What you need to do => Only the lines from the start of the data through the line with "May include: Two" belong in the copy. Restate them word for word, minus the pictures.

### Data block ###

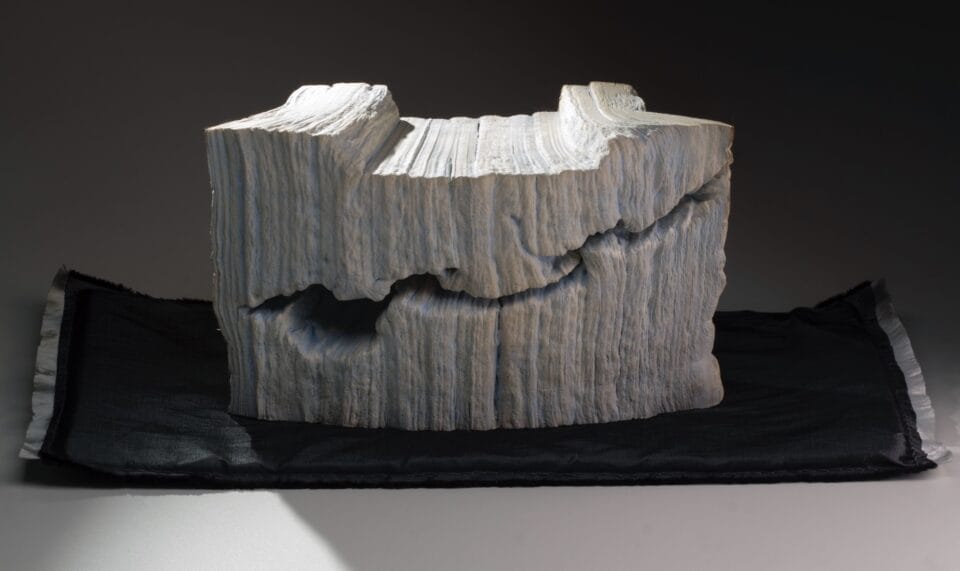a sculpture made from a set of large books, covers removed to reveal the stitched binding, which has been water-blasted to soften and manipulate the pages into a form resembling a large mountain or glacier with a large crevasse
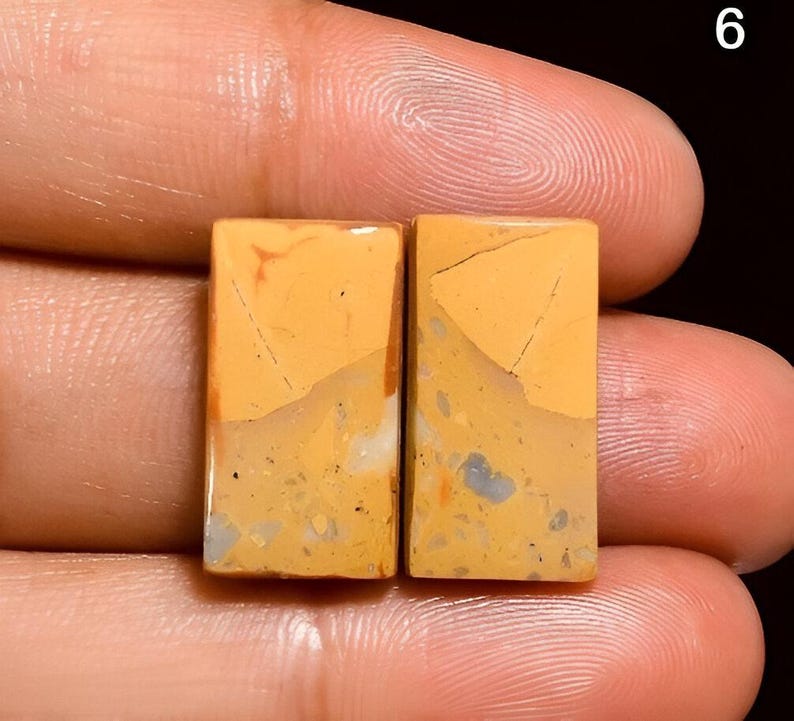 May include: Two rectangular pieces of yellow, brown, and white patterned stone. The stones have a rough, natural texture.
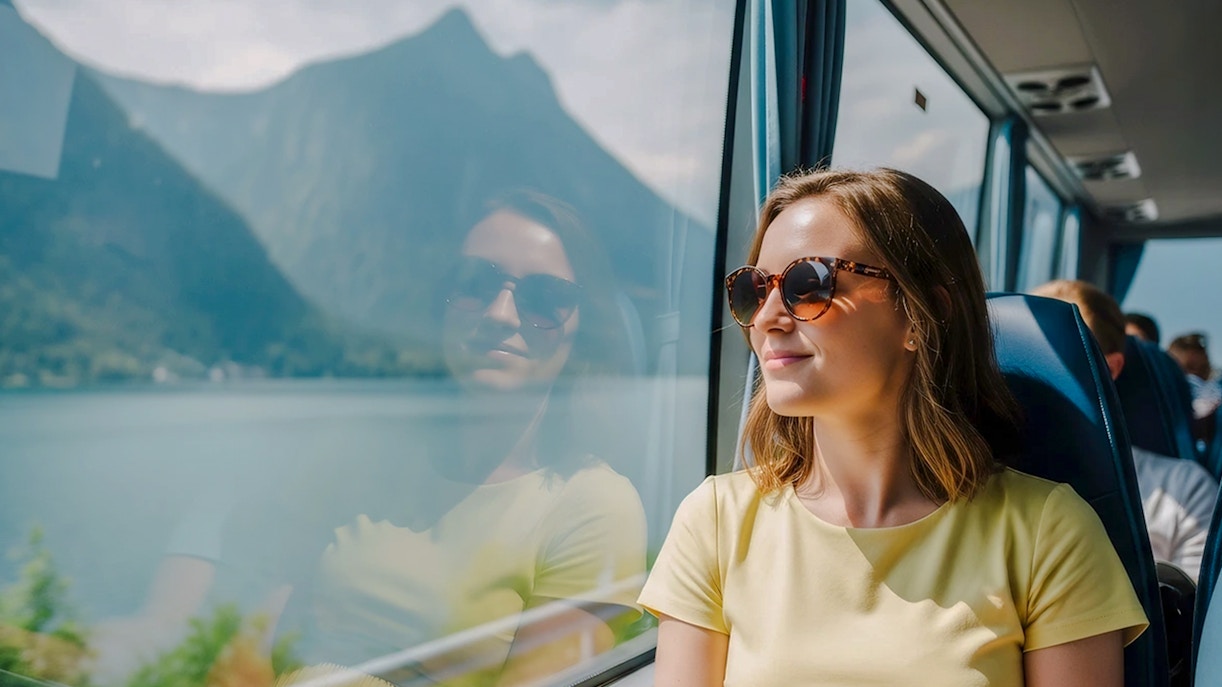 Passenger enjoying scenic view from AC coach, Hallstatt.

###

Solution for this task =>
a sculpture made from a set of large books, covers removed to reveal the stitched binding, which has been water-blasted to soften and manipulate the pages into a form resembling a large mountain or glacier with a large crevasse
 May include: Two rectangular pieces of yellow, brown, and white patterned stone. The stones have a rough, natural texture.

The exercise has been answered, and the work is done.